Task instructions:
Copy the records below without altering a single word.

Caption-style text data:
● ● ● ● ● ● ●
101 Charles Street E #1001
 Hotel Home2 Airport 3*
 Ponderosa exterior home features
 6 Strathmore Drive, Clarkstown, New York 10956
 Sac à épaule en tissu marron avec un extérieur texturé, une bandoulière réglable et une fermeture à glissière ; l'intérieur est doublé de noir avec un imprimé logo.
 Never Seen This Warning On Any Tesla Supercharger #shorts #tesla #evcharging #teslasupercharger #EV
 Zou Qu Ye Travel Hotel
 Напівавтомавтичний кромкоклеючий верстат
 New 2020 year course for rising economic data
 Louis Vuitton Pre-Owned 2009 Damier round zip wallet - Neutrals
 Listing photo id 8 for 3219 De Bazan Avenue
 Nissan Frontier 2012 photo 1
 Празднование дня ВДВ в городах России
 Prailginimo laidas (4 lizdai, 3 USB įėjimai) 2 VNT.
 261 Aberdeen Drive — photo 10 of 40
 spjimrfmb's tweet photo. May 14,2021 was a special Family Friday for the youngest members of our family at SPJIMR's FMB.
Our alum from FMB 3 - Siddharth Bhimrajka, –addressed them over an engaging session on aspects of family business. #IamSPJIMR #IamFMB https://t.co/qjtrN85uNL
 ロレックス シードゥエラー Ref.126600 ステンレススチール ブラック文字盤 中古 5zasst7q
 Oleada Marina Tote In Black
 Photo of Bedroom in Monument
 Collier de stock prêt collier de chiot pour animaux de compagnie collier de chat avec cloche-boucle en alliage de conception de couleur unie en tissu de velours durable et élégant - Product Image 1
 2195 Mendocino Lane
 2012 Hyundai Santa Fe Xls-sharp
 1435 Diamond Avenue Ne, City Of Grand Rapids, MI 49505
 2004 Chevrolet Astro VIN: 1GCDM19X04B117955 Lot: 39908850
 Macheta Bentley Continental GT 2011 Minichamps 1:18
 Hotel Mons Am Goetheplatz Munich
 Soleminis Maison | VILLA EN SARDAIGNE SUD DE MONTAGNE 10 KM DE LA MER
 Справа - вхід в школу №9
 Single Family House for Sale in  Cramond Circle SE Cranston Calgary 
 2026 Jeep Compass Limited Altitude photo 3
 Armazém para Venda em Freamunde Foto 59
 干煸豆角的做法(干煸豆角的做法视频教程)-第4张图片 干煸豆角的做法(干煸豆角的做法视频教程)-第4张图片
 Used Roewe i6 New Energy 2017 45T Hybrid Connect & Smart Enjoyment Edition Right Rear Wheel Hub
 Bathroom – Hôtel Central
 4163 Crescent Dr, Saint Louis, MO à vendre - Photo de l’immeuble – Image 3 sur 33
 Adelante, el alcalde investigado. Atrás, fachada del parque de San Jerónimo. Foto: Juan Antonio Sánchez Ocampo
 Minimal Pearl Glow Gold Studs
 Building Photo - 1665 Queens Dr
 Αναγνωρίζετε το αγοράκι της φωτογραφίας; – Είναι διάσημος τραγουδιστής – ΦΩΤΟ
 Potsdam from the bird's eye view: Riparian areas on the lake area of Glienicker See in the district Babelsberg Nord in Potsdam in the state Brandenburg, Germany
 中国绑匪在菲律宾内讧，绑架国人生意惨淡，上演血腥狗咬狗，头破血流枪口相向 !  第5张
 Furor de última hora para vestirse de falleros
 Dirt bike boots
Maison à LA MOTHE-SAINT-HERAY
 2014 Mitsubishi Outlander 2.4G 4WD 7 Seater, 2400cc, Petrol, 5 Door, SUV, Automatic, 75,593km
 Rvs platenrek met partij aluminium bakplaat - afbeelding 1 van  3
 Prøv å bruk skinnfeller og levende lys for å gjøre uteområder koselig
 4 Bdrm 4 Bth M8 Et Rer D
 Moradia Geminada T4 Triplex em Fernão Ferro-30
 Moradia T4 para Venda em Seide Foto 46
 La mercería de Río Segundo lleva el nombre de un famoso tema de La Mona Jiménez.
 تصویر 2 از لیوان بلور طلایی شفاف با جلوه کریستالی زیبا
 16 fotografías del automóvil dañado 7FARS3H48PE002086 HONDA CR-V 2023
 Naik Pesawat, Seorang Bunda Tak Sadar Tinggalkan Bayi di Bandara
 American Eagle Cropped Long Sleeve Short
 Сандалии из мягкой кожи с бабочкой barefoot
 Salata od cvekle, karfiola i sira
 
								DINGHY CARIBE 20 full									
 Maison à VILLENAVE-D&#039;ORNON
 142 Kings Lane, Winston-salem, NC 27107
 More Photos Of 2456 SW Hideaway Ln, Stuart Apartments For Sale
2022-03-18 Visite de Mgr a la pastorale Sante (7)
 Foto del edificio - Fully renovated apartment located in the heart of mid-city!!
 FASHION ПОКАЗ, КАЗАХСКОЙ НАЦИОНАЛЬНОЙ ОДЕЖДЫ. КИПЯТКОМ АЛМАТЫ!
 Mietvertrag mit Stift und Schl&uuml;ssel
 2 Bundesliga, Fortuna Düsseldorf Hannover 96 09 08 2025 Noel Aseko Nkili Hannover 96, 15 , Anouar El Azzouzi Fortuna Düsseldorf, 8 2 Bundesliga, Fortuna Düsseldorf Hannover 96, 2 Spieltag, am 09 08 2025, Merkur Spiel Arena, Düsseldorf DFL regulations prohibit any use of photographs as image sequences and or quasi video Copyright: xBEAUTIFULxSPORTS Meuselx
● ● ● ● ● ● ●
Final answer:
101 Charles Street E #1001
 Hotel Home2 Airport 3*
 Ponderosa exterior home features
 6 Strathmore Drive, Clarkstown, New York 10956
 Sac à épaule en tissu marron avec un extérieur texturé, une bandoulière réglable et une fermeture à glissière ; l'intérieur est doublé de noir avec un imprimé logo.
 Never Seen This Warning On Any Tesla Supercharger #shorts #tesla #evcharging #teslasupercharger #EV
 Zou Qu Ye Travel Hotel
 Напівавтомавтичний кромкоклеючий верстат
 New 2020 year course for rising economic data
 Louis Vuitton Pre-Owned 2009 Damier round zip wallet - Neutrals
 Listing photo id 8 for 3219 De Bazan Avenue
 Nissan Frontier 2012 photo 1
 Празднование дня ВДВ в городах России
 Prailginimo laidas (4 lizdai, 3 USB įėjimai) 2 VNT.
 261 Aberdeen Drive — photo 10 of 40
 spjimrfmb's tweet photo. May 14,2021 was a special Family Friday for the youngest members of our family at SPJIMR's FMB.
Our alum from FMB 3 - Siddharth Bhimrajka, –addressed them over an engaging session on aspects of family business. #IamSPJIMR #IamFMB https://t.co/qjtrN85uNL
 ロレックス シードゥエラー Ref.126600 ステンレススチール ブラック文字盤 中古 5zasst7q
 Oleada Marina Tote In Black
 Photo of Bedroom in Monument
 Collier de stock prêt collier de chiot pour animaux de compagnie collier de chat avec cloche-boucle en alliage de conception de couleur unie en tissu de velours durable et élégant - Product Image 1
 2195 Mendocino Lane
 2012 Hyundai Santa Fe Xls-sharp
 1435 Diamond Avenue Ne, City Of Grand Rapids, MI 49505
 2004 Chevrolet Astro VIN: 1GCDM19X04B117955 Lot: 39908850
 Macheta Bentley Continental GT 2011 Minichamps 1:18
 Hotel Mons Am Goetheplatz Munich
 Soleminis Maison | VILLA EN SARDAIGNE SUD DE MONTAGNE 10 KM DE LA MER
 Справа - вхід в школу №9
 Single Family House for Sale in  Cramond Circle SE Cranston Calgary 
 2026 Jeep Compass Limited Altitude photo 3
 Armazém para Venda em Freamunde Foto 59
 干煸豆角的做法(干煸豆角的做法视频教程)-第4张图片 干煸豆角的做法(干煸豆角的做法视频教程)-第4张图片
 Used Roewe i6 New Energy 2017 45T Hybrid Connect & Smart Enjoyment Edition Right Rear Wheel Hub
 Bathroom – Hôtel Central
 4163 Crescent Dr, Saint Louis, MO à vendre - Photo de l’immeuble – Image 3 sur 33
 Adelante, el alcalde investigado. Atrás, fachada del parque de San Jerónimo. Foto: Juan Antonio Sánchez Ocampo
 Minimal Pearl Glow Gold Studs
 Building Photo - 1665 Queens Dr
 Αναγνωρίζετε το αγοράκι της φωτογραφίας; – Είναι διάσημος τραγουδιστής – ΦΩΤΟ
 Potsdam from the bird's eye view: Riparian areas on the lake area of Glienicker See in the district Babelsberg Nord in Potsdam in the state Brandenburg, Germany
 中国绑匪在菲律宾内讧，绑架国人生意惨淡，上演血腥狗咬狗，头破血流枪口相向 !  第5张
 Furor de última hora para vestirse de falleros
 Dirt bike boots
Maison à LA MOTHE-SAINT-HERAY
 2014 Mitsubishi Outlander 2.4G 4WD 7 Seater, 2400cc, Petrol, 5 Door, SUV, Automatic, 75,593km
 Rvs platenrek met partij aluminium bakplaat - afbeelding 1 van  3
 Prøv å bruk skinnfeller og levende lys for å gjøre uteområder koselig
 4 Bdrm 4 Bth M8 Et Rer D
 Moradia Geminada T4 Triplex em Fernão Ferro-30
 Moradia T4 para Venda em Seide Foto 46
 La mercería de Río Segundo lleva el nombre de un famoso tema de La Mona Jiménez.
 تصویر 2 از لیوان بلور طلایی شفاف با جلوه کریستالی زیبا
 16 fotografías del automóvil dañado 7FARS3H48PE002086 HONDA CR-V 2023
 Naik Pesawat, Seorang Bunda Tak Sadar Tinggalkan Bayi di Bandara
 American Eagle Cropped Long Sleeve Short
 Сандалии из мягкой кожи с бабочкой barefoot
 Salata od cvekle, karfiola i sira
 
								DINGHY CARIBE 20 full									
 Maison à VILLENAVE-D&#039;ORNON
 142 Kings Lane, Winston-salem, NC 27107
 More Photos Of 2456 SW Hideaway Ln, Stuart Apartments For Sale
2022-03-18 Visite de Mgr a la pastorale Sante (7)
 Foto del edificio - Fully renovated apartment located in the heart of mid-city!!
 FASHION ПОКАЗ, КАЗАХСКОЙ НАЦИОНАЛЬНОЙ ОДЕЖДЫ. КИПЯТКОМ АЛМАТЫ!
 Mietvertrag mit Stift und Schl&uuml;ssel
 2 Bundesliga, Fortuna Düsseldorf Hannover 96 09 08 2025 Noel Aseko Nkili Hannover 96, 15 , Anouar El Azzouzi Fortuna Düsseldorf, 8 2 Bundesliga, Fortuna Düsseldorf Hannover 96, 2 Spieltag, am 09 08 2025, Merkur Spiel Arena, Düsseldorf DFL regulations prohibit any use of photographs as image sequences and or quasi video Copyright: xBEAUTIFULxSPORTS Meuselx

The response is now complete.